Going on to work for and with Alexander McQueen, Julien McDonald, Giles Deacon, Emilio de la Mora, and Pam Hogg, she could not fail to be influenced by London’s pervasive music, fashion and art scenes, all of which continue to inspire her painting and other work today. Simultaneously, adding to those influences was another side of the city — a side which can be found in all cities — the shady characters of the nightlife underworld, the nightclubs, and the dive bars where she bore witness to the dark desires of magnetic yet narcissistic strangers — the shadowy glamour of hidden social scenes, which all too often appeared seedy in the cold reality of daylight.

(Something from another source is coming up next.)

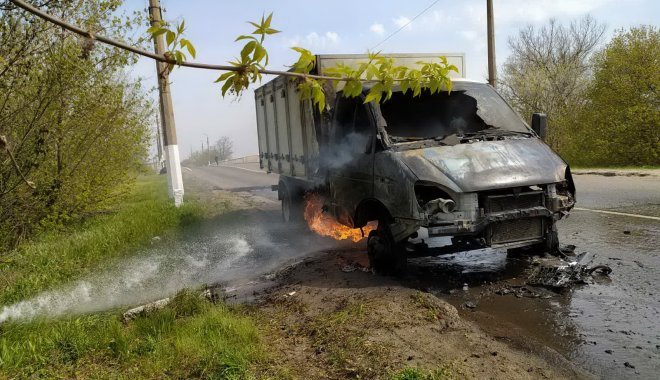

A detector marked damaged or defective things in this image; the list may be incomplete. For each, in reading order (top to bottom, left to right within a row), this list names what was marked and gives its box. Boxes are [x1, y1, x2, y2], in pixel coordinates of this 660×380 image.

burnt truck [255, 53, 576, 274]
burnt truck cab [324, 79, 572, 270]
burnt hood [398, 139, 568, 193]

The interchange between the sexes — the yin and the yang, the ego and the id, the smoke and mirrors — all of this fascinated Holly. Her inner world has been endlessly sculpted by her own personal experiences, all of which continue to influence everything she creates.

Holly’s pieces are stream-of-consciousness dreamscapes — hallucinatory experiences that evoke the genius and vision of Klimt, Schiele, Picasso, Dali, Magritte, Basquiat and LaChapelle; their trademark styles are imprinted on and recognized by the collective psyche — high art meets Pop art. Hitchcock, 1990s supermodels, Gatsby, film noir, pulp fiction, Betty Page, Louise Brooks, taxidermy, Gil Elvgren’s pin-up girls, Blade Runner, burlesque — they all seem to infiltrate the imagery of Holly’s work, whether she’s producing illustrations or large-scale painting.